The trend is dramatic and definite: South Florida cops have slowed down big time.
The Sun Sentinel examined new SunPass data and found police speeding has dropped significantly since the newspaper published its "Above the Law" investigative series in February.?
The investigation found nearly 800 officers from a dozen agencies averaging 90 to 130 mph between highway tollbooths. Many of those lead-foot cops were speeding to and from work.
SunPass toll records for the same agencies from mid-February through October show an 84 percent drop in high-speed incidents over the same period last year, the Sun Sentinel has calculated.
"It seems like the message has been received by South Florida law enforcement to slow down," Margate Police Chief Dana Watson said.
The records show excessive speeding by cops to and from work in their take-home cars virtually ended in late spring as police departments began disciplining officers based on the newspaper's investigation.
In Broward County, cops became much more mindful of the speed limit. Officers from Davie, Plantation and Sunrise hit speeds over 90 mph a total of only 10 times, compared to 160 times last year.
A SunPass transponder assigned to a Pembroke Pines officer who had been commuting through Miami-Dade County as fast as 105 mph never registered a speed above 79 mph.
In Fort Lauderdale and Margate, no cop with a transponder drove above 90 mph after the Sun Sentinel investigation, according to the records
High-speed incidents overall fell to 495, down from 3,179 during the same period in 2011.
Some South Florida commuters have noticed.
"I see them speeding a little bit, but not to the extent they were before," said Scott Spizman of Plantation, who drives 100 miles a day to and from his job in West Palm Beach. "It seems a lot safer out there."
The new trend captured by the data shows:
? Cops at 11 of the 12 law enforcement agencies examined in the Sun Sentinel series slowed down in 2012. (For the 12th, the Miami-Dade Police Department, SunPass records are no longer available).
? Only one in 13 police cars registered speeds above 90 mph, compared to one in four last year.
? Habitual speeding stopped. Cops are no longer pushing the speedometer past 95 or 100 mph day in and day out.

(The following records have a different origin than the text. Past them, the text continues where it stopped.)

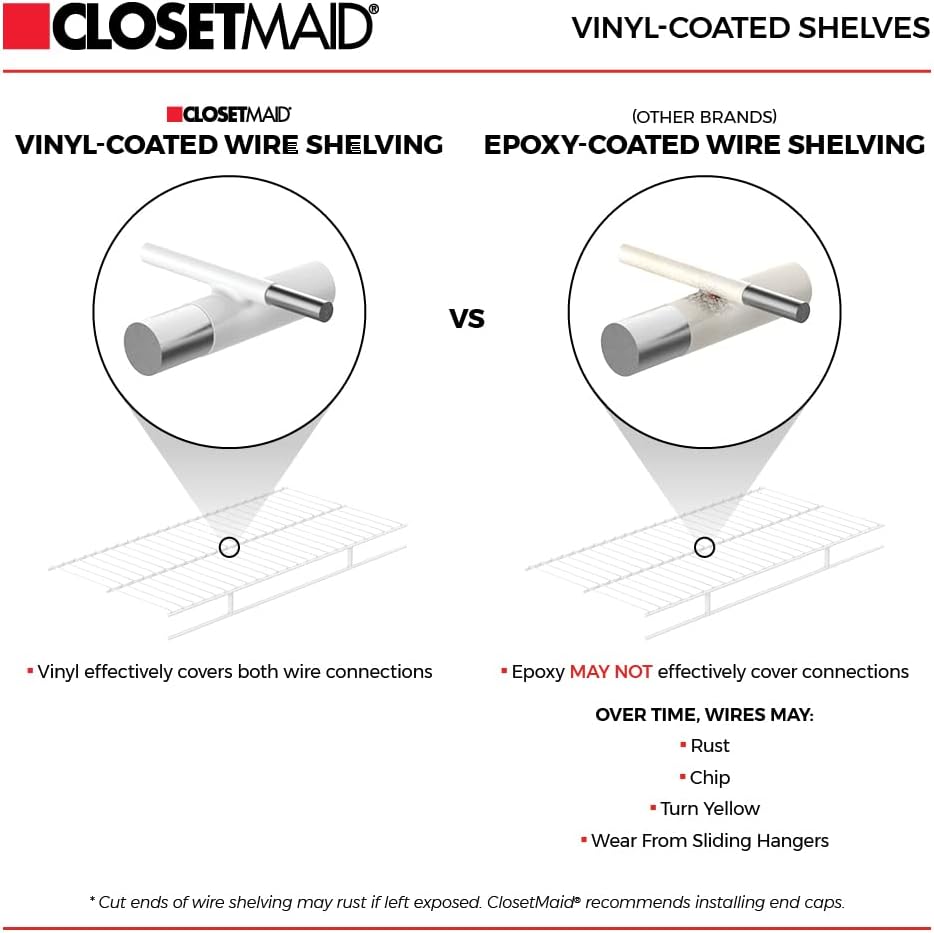 ClosetMaid ShelfTrack Wire Closet Organizer System, Adjustable from 4 to 6 Ft., With Shelves, Clothes Rods, Hardware, Durable Steel, White - Image 9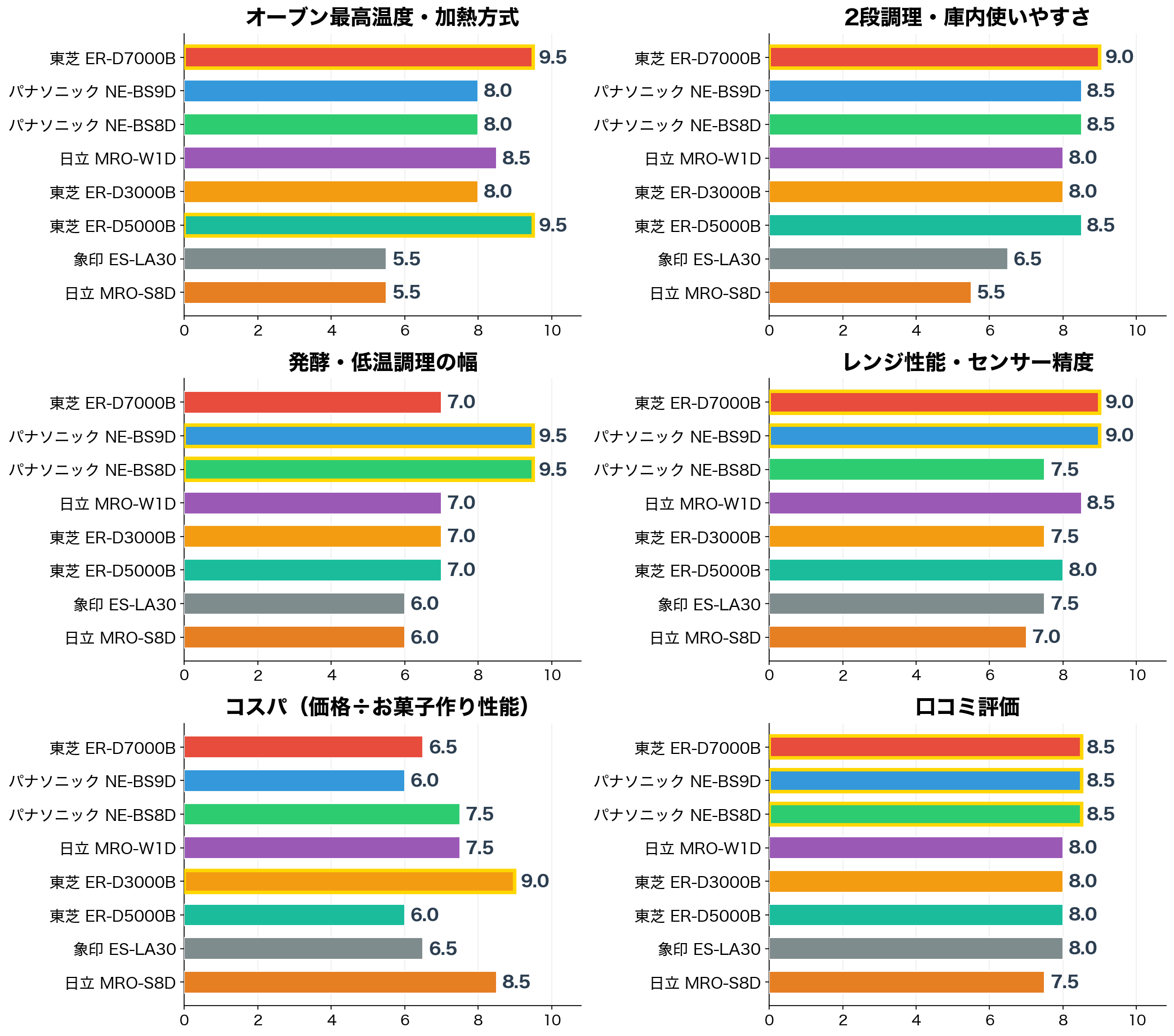 評価軸別スコア比較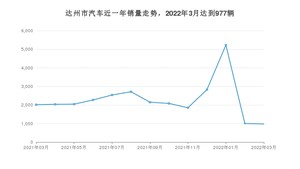 达州市3月汽车销量 桑塔纳排名第一(2022年)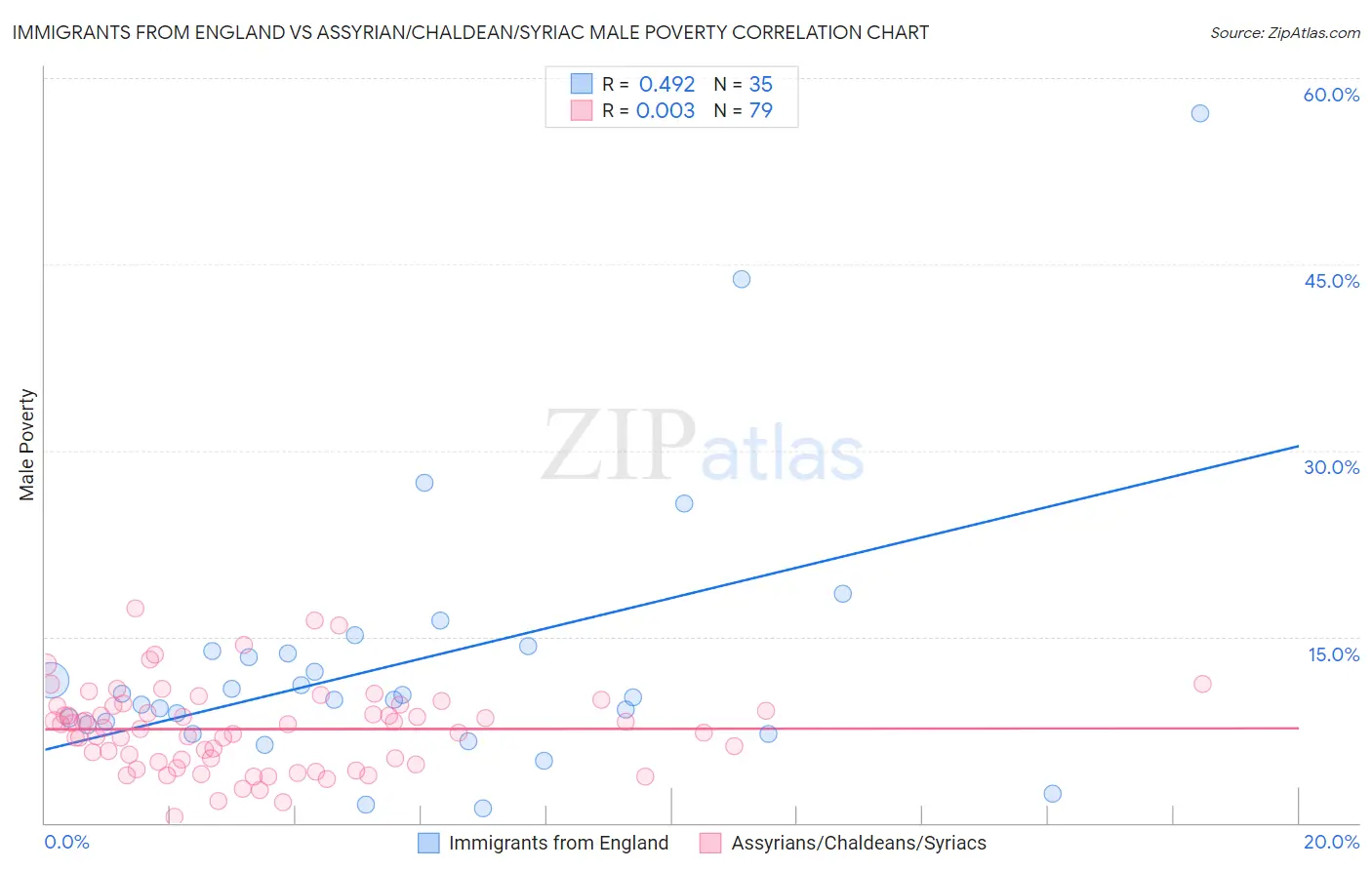 Immigrants from England vs Assyrian/Chaldean/Syriac Male Poverty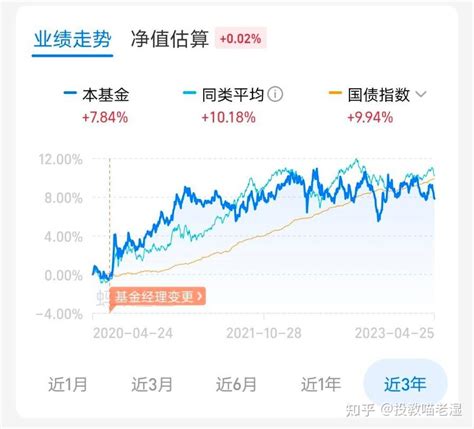 白话聊基 固收 知乎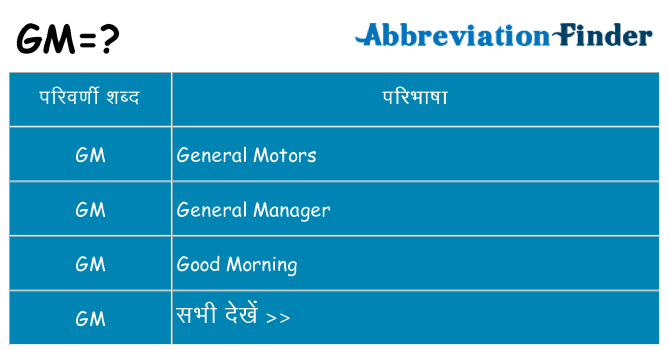 gm का क्या अर्थ है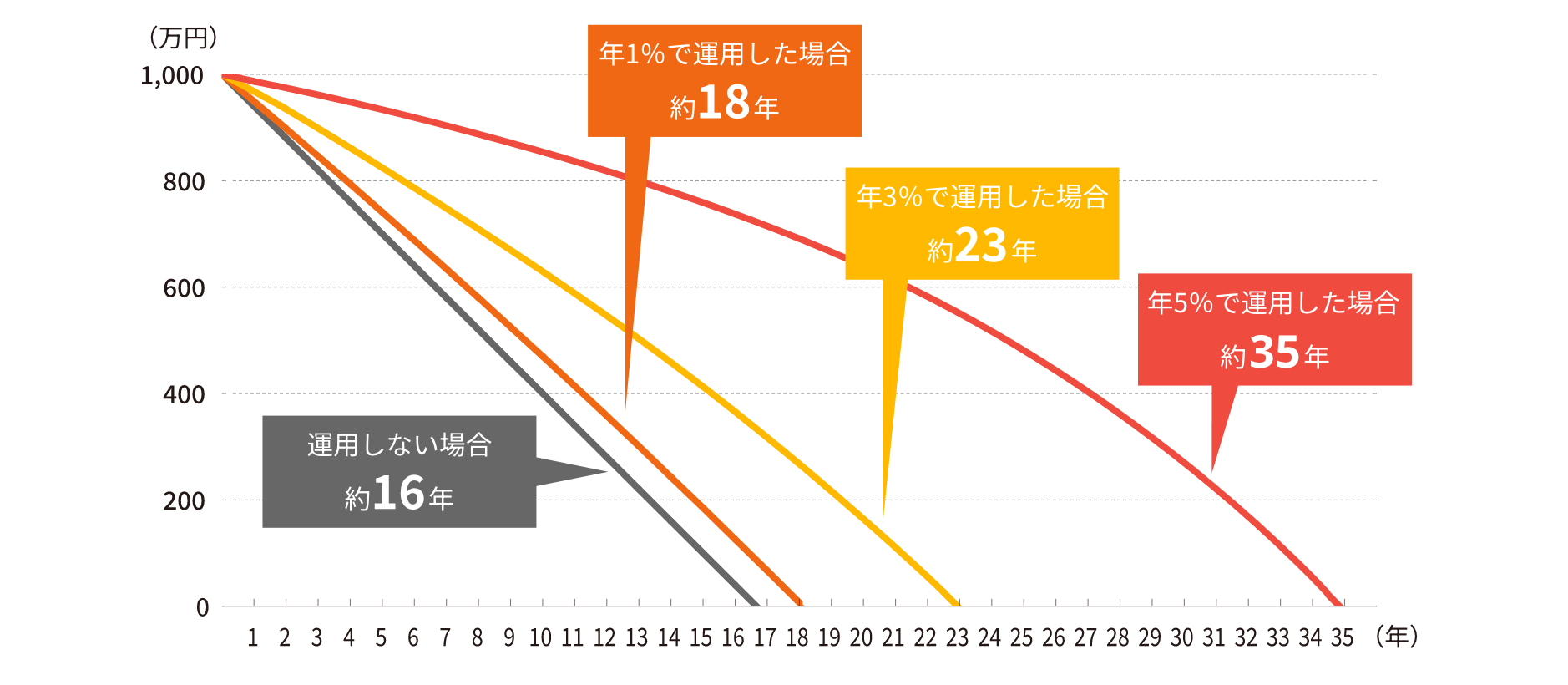 運用しながら取り崩した場合と運用せずに取り崩した場合のグラフ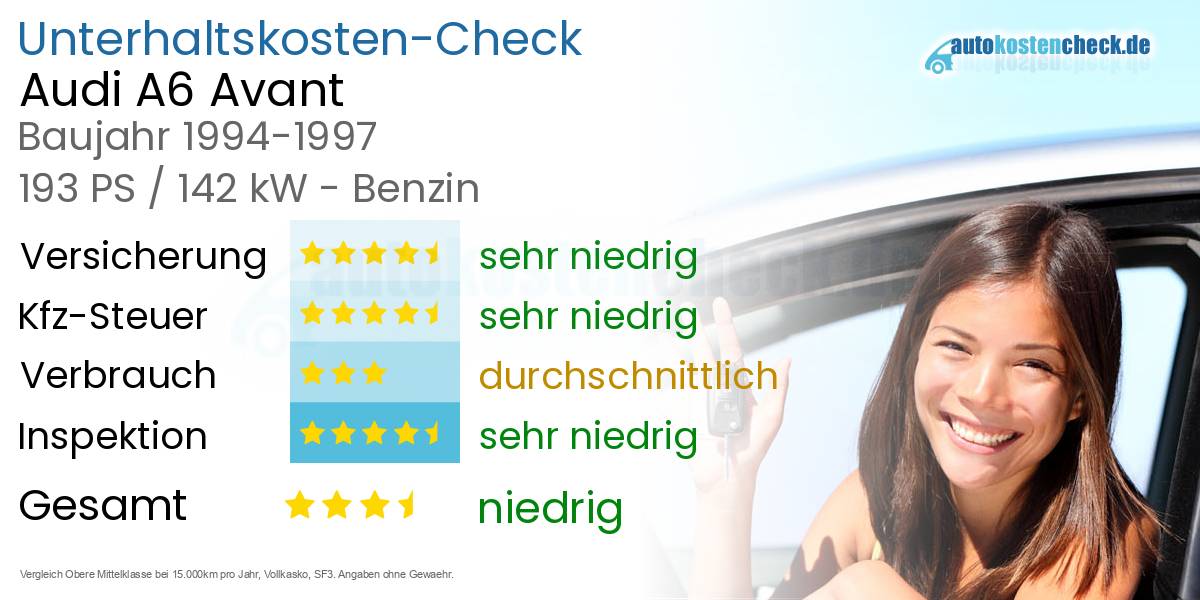 Unterhaltskosten Audi A6 Avant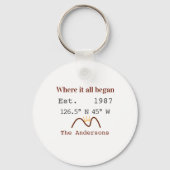 Lake house ets. Date year custom coordinates brown Sleutelhanger (Achterkant)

Leaders in South Florida law enforcement welcomed the change. They say off-duty speeding and speeding in non-emergencies is not only dangerous and deadly ? but also erodes citizens' confidence in police fairness.
"It's something that I continue to remind them of,'' said Watson, Margate's chief. "We're here to uphold the law, and we're expected to abide by it.''
One cop, rampant speeding
It was one Miami cop's blatant disregard for speed limits a year ago that brought scrutiny of the driving habits of all South Florida law enforcement officers.